Take the line with "Bisiklet Yaka Baskılı" and every line after it, through the end of the listing, and give them again exactly, pictures excluded.

[Given material]

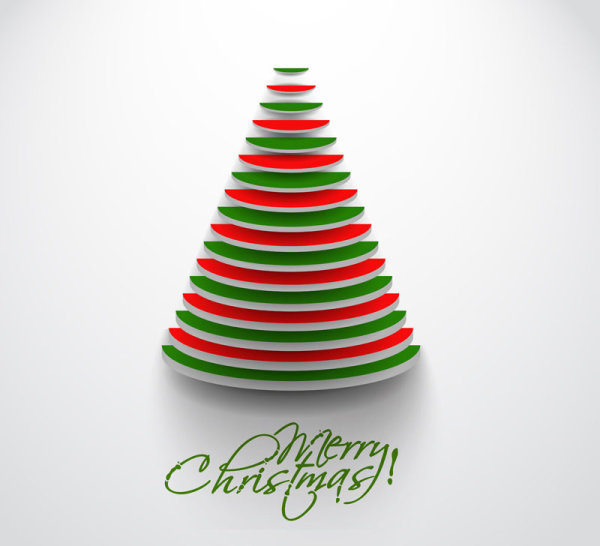 Paper Cut Christmas Tree Design Vector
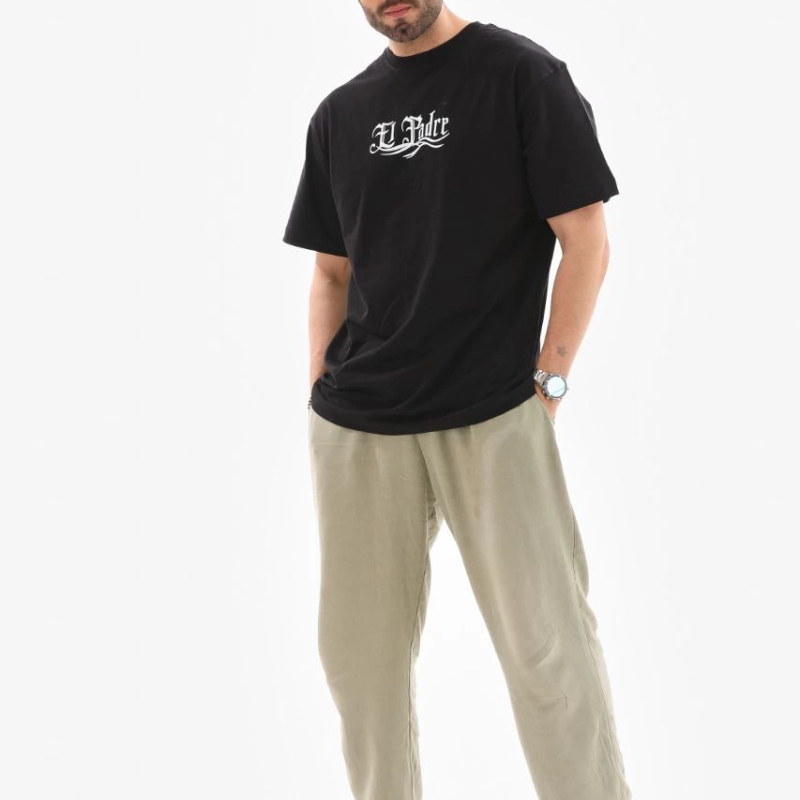 Bisiklet Yaka Baskılı Oversize T-Shirt - Siyah -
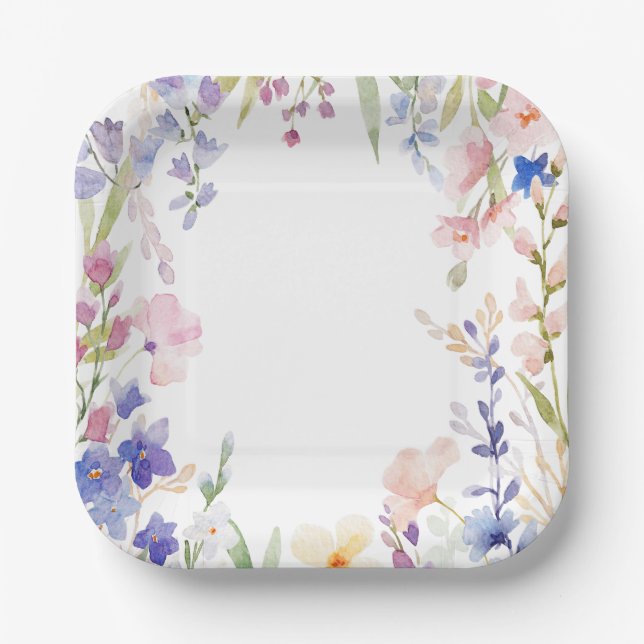 Baby in Bloom Wildblume Garden Kinderdusche Pappteller (Vorderseite)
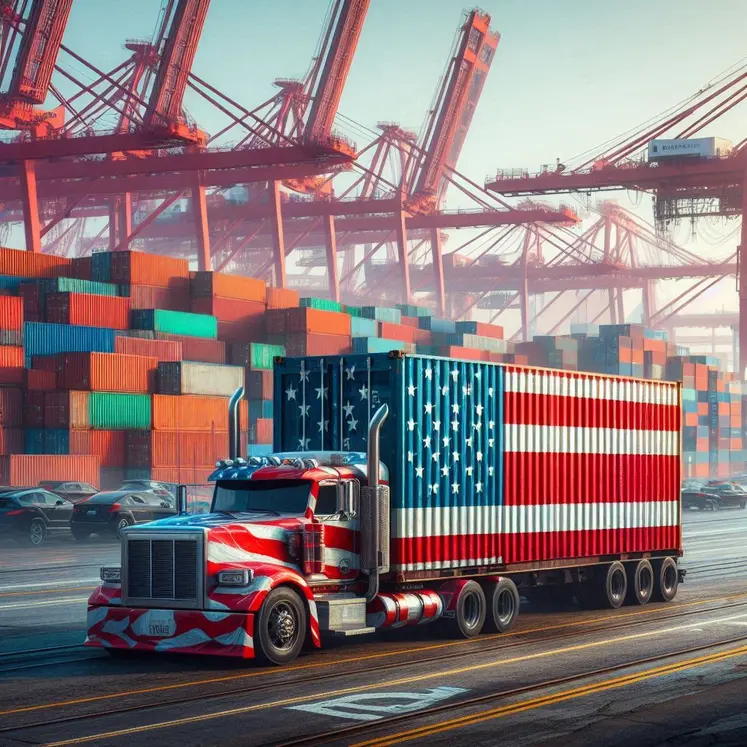 un conteneur aux couleurs du drapeau américain dans un port de commerce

[/Given material]

Task solution ::
 Bisiklet Yaka Baskılı Oversize T-Shirt - Siyah -
 Baby in Bloom Wildblume Garden Kinderdusche Pappteller (Vorderseite)
 un conteneur aux couleurs du drapeau américain dans un port de commerce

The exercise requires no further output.